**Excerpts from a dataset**
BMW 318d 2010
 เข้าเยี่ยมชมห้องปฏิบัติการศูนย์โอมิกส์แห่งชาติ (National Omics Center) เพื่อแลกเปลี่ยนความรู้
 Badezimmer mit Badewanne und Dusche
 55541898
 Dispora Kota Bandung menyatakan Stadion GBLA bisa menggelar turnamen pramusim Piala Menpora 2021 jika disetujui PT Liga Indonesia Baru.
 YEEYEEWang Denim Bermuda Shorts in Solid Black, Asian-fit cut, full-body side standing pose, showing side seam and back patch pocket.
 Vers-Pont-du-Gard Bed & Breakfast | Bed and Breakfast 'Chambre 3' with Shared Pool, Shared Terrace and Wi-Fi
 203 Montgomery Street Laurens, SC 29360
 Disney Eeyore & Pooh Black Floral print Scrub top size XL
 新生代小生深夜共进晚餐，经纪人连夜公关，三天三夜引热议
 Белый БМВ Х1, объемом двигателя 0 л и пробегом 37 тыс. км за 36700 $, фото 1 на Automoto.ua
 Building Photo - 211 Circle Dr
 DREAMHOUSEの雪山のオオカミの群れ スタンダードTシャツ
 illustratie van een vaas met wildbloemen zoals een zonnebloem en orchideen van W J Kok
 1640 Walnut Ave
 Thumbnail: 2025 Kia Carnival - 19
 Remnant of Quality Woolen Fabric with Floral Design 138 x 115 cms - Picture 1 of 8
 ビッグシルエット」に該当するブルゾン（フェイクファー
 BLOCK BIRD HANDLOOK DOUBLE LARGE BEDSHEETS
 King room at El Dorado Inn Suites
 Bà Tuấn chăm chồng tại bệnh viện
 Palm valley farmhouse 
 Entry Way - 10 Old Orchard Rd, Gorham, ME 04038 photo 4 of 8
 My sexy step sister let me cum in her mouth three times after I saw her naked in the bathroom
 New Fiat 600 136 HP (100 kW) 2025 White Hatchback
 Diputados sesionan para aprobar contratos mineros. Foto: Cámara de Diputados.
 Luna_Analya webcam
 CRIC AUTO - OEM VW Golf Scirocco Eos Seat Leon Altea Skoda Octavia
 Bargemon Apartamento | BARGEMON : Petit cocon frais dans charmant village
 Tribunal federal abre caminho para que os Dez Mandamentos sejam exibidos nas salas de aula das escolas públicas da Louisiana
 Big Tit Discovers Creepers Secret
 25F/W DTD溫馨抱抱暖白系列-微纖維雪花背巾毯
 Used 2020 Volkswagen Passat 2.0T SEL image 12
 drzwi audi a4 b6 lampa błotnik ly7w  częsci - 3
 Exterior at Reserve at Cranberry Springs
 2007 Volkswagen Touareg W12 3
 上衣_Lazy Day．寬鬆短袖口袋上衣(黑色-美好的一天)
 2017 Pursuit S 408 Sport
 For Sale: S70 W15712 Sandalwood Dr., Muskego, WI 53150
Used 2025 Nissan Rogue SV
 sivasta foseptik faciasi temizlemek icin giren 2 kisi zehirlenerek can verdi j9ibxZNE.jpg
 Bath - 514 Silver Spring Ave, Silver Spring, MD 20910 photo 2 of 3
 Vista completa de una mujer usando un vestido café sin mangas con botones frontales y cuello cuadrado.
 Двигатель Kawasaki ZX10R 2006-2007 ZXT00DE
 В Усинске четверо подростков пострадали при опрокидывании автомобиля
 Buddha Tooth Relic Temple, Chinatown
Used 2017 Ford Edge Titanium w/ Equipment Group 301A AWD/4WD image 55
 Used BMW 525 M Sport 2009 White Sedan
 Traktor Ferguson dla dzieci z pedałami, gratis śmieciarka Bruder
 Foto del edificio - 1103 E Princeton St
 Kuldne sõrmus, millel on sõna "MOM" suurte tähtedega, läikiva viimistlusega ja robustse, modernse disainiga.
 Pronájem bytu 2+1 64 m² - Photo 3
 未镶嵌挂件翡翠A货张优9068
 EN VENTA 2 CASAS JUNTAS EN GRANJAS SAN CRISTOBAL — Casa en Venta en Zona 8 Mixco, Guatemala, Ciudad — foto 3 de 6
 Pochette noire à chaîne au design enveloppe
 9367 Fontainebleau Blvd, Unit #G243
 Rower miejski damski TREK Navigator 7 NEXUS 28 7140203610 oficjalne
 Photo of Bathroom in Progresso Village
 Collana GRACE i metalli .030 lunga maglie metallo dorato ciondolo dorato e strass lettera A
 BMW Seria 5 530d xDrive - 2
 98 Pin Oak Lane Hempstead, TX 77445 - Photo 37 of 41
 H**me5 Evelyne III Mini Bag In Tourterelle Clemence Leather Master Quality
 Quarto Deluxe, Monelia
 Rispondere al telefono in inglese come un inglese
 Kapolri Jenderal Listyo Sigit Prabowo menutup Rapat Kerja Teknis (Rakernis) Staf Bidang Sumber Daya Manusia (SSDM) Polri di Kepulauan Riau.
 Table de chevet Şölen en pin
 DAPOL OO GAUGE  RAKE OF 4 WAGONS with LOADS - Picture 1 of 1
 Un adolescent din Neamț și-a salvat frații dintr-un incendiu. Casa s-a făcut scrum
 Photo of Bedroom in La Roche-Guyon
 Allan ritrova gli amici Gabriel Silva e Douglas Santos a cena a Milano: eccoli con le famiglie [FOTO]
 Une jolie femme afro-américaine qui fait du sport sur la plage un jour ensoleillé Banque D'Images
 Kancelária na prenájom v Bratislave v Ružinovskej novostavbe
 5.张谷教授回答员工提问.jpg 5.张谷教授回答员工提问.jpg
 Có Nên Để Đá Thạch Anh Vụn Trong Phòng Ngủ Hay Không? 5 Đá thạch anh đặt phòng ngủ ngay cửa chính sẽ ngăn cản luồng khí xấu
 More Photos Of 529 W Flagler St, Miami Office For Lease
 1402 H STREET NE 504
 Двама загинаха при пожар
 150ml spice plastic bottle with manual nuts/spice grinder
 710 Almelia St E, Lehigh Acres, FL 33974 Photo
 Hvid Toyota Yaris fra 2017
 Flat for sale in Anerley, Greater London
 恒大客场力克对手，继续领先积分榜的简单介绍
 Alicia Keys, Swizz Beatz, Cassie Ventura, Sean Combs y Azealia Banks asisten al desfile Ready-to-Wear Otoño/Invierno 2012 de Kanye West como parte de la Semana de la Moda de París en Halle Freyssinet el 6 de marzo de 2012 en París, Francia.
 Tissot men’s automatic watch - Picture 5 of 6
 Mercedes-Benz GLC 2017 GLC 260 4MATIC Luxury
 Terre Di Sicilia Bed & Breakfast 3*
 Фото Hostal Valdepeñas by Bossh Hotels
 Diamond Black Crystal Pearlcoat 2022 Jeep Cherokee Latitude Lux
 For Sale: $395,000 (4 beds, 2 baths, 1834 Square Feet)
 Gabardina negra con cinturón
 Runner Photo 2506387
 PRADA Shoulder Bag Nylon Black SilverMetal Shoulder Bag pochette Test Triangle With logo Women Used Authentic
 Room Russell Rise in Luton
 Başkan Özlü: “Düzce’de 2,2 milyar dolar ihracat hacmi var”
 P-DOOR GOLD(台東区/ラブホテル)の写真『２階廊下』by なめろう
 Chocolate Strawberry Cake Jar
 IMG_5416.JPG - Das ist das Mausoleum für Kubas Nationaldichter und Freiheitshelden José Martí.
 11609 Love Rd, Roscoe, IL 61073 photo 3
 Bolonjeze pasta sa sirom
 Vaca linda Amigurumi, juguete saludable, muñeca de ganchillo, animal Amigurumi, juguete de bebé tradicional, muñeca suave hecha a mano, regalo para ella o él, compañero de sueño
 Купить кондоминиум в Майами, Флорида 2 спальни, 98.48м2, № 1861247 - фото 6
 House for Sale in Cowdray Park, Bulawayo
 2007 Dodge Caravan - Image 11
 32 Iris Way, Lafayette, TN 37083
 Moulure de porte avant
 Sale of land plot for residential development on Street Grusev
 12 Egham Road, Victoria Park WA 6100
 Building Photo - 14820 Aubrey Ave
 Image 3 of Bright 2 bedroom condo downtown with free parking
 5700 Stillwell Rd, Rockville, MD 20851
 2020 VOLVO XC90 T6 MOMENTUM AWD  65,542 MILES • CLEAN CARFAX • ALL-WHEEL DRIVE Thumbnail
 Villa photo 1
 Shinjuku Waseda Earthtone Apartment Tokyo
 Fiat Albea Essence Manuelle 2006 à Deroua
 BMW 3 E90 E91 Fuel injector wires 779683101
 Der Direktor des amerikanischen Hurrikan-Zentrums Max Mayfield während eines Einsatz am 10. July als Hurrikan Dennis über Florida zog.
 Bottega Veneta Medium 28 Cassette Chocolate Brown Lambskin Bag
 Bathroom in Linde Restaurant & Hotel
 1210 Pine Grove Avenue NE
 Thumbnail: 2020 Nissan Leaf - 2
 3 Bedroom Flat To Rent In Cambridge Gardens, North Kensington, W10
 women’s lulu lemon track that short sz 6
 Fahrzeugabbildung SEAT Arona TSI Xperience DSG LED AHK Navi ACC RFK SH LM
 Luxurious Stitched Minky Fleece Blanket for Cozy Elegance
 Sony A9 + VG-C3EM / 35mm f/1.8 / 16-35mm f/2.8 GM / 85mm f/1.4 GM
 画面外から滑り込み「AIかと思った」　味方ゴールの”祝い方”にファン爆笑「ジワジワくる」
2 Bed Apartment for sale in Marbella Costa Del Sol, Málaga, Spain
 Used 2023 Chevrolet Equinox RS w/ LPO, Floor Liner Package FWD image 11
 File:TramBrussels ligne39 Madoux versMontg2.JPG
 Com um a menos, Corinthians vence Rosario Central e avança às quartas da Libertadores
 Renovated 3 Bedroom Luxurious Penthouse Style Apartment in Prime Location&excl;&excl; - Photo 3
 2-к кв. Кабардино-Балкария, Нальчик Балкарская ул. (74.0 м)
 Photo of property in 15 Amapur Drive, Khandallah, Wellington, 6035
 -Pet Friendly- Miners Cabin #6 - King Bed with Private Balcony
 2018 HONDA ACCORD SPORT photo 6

**What is being asked**
The output should be exactly the lines above from the line containing "Entry Way - 10" to the line containing "Used 2020 Volkswagen", inclusive, with no other lines.

**Your response**
 Entry Way - 10 Old Orchard Rd, Gorham, ME 04038 photo 4 of 8
 My sexy step sister let me cum in her mouth three times after I saw her naked in the bathroom
 New Fiat 600 136 HP (100 kW) 2025 White Hatchback
 Diputados sesionan para aprobar contratos mineros. Foto: Cámara de Diputados.
 Luna_Analya webcam
 CRIC AUTO - OEM VW Golf Scirocco Eos Seat Leon Altea Skoda Octavia
 Bargemon Apartamento | BARGEMON : Petit cocon frais dans charmant village
 Tribunal federal abre caminho para que os Dez Mandamentos sejam exibidos nas salas de aula das escolas públicas da Louisiana
 Big Tit Discovers Creepers Secret
 25F/W DTD溫馨抱抱暖白系列-微纖維雪花背巾毯
 Used 2020 Volkswagen Passat 2.0T SEL image 12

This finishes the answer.